SOURCE MATERIAL: Begin
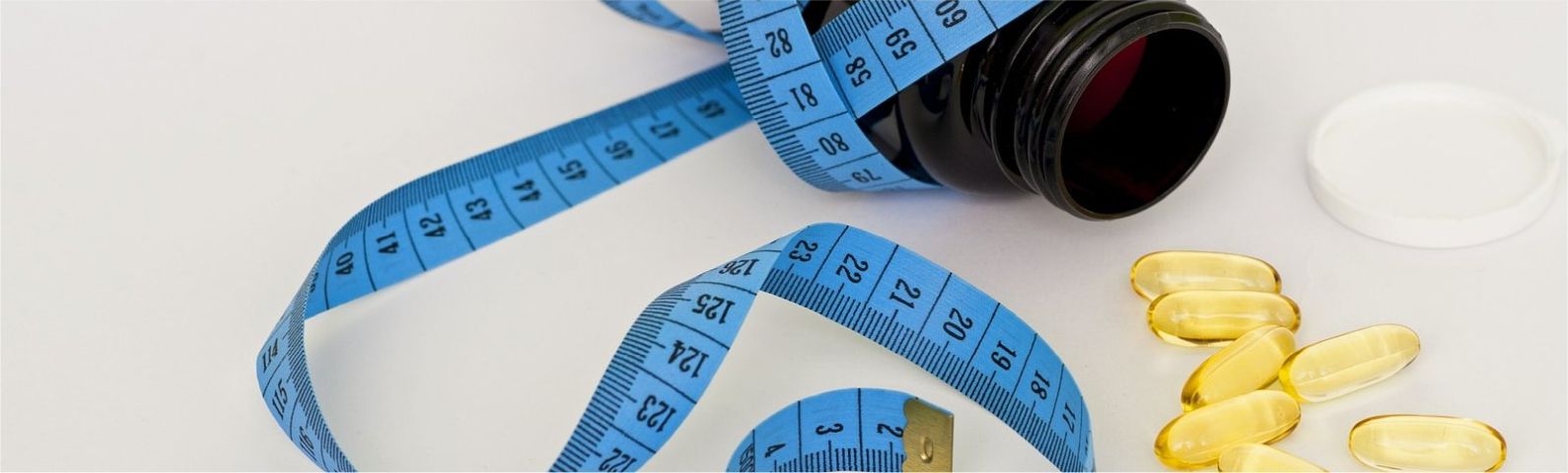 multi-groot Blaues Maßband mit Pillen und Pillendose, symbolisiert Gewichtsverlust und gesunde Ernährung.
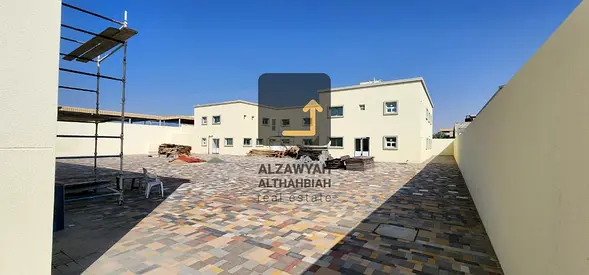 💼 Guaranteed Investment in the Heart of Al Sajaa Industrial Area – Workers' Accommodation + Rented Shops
SOURCE MATERIAL: End
SOURCE MATERIAL: Begin
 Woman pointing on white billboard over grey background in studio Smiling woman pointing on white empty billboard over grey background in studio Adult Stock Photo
SOURCE MATERIAL: End
## PROBLEM DESCRIPTION
Of the lines above, quote exactly those from the one with "multi-groot Blaues Maßband" through the one with "Accommodation + Rented Shops", ends included; pictures stay out.

## YOUR SOLUTION
 multi-groot Blaues Maßband mit Pillen und Pillendose, symbolisiert Gewichtsverlust und gesunde Ernährung.
 💼 Guaranteed Investment in the Heart of Al Sajaa Industrial Area – Workers' Accommodation + Rented Shops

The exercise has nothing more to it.